Os agentes apreenderam 12 fuzis, uma carabina, duas pistolas, um revólver, dezenas de carregadores e duas granadas. O comandante do 18º BPM, tenente-coronel Leonardo da Silveira, informou, em coletiva de imprensa no Quartel-General da corporação, que o grupo tinha envolvimento em disputas pelo controle de territórios no Morro Dois Irmãos, em Curicica, e na própria Colônia Juliano Moreira.
“Os criminosos estavam ligados a conflitos recentes entre o Comando Vermelho e milicianos que tentam dominar áreas da região”, explicou o oficial.
Ainda segundo o tenente-coronel, os milicianos também roubavam veículos em Jacarepaguá, Recreio dos Bandeirantes e Barra da Tijuca. Os fuzis apreendidos são de calibre 5.56, e dois deles de calibre 7.62. De acordo com o comandante-geral da PM, coronel Marcelo de Menezes, as armas não são originais, mas montadas com peças trazidas do exterior, conhecidas como “armas Frankenstein”.
“A maioria dessas armas hoje são trazidas para o Brasil e montadas aqui dentro das estruturas do crime organizado. Então, são peças de armas airsoft com estrutura de ferrolho, diferente de tempos atrás, quando as armas vinham de outros países, principalmente da América do Norte e Europa (…) São montadas, não são armas originais. Eles copiam a plataforma Colt, que é uma fábrica americana. O contrabandista coloca seu slogan Colt e vende esse armamento aqui para o Brasil”, explicou o comandante, que ressaltou que ações como a desta segunda-feira vão continuar.
O coronel Menezes também destacou o papel da inteligência da corporação no combate ao crime:
“A Polícia Militar, através de uma câmara técnica de inteligência, vem trocando dados e procurando pautar seu planejamento na antecipação das ações (…) O recado que fica é que nós não esmoreceremos, nós continuaremos esse trabalho contundente de livrar o Rio de Janeiro dessas armas, dessas organizações criminosas. Cada arma aqui apreendida representa uma vida salva da população de bem desse Estado”, pontuou Menezes.

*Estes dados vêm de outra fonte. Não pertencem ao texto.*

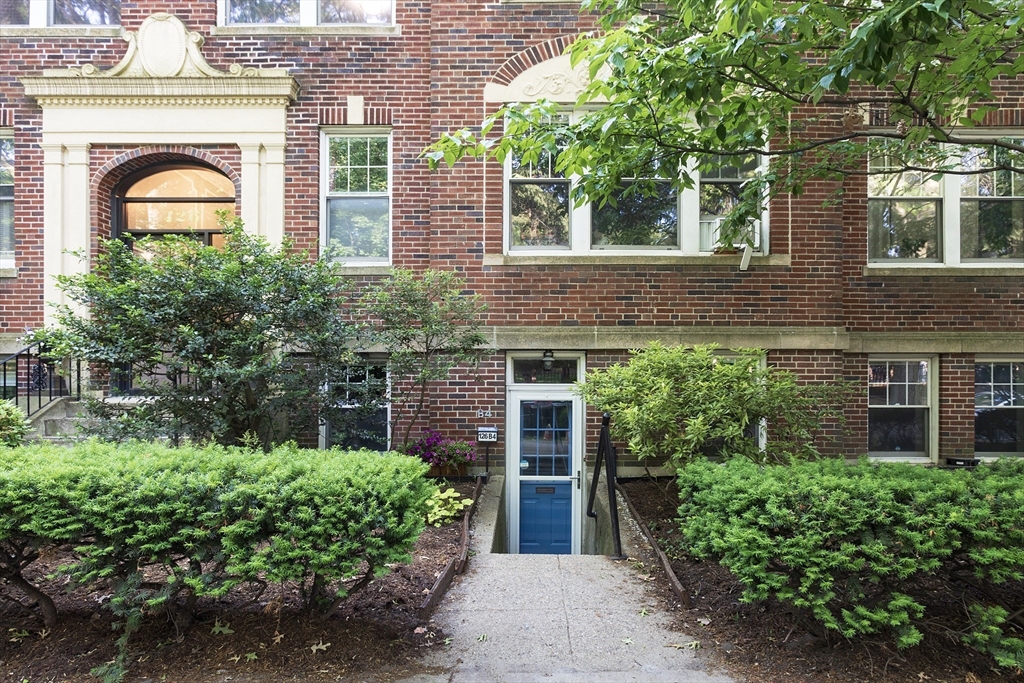 126 Amory Street, Unit B4 Brookline, MA 02446 - Photo 8 of 8 front view of a house with potted plants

Na área de atuação do 18º BPM, a Operação Contenção já registrou a apreensão de 25 fuzis, 13 pistolas, quatro revólveres, além de 44 presos e dez criminosos mortos em confrontos.
O subsecretário de Inteligência, coronel Uirá, afirmou que o cenário de segurança pública no Rio é desafiador:
“O Rio de Janeiro vive uma questão diferente de qualquer outro lugar do nosso país, aqui o enfrentamento é quase uma guerrilha. Quanto mais inteligência nós tivermos nas nossas atividades, nas nossas agências, o confronto pode ser muito pior. Na maioria das vezes, nós estaremos cercando criminosos que têm potencial de liderança das facções e eles não vão se entregar”, completou.
O secretário de Estado de Segurança Pública, Victor Santos, ressaltou que o acesso dos criminosos a armas de guerra é um dos maiores desafios das forças de segurança.
“Esse é o grande desafio da segurança pública do Rio de Janeiro: a quantidade de armas de guerra como essas na mão de criminosos (…) A operação vinha sendo monitorada durante todo o fim de semana. O resultado poderia ser muito ruim se esses criminosos, de posse desse armamento, resolvessem enfrentar os policiais militares na manhã de hoje”, afirmou.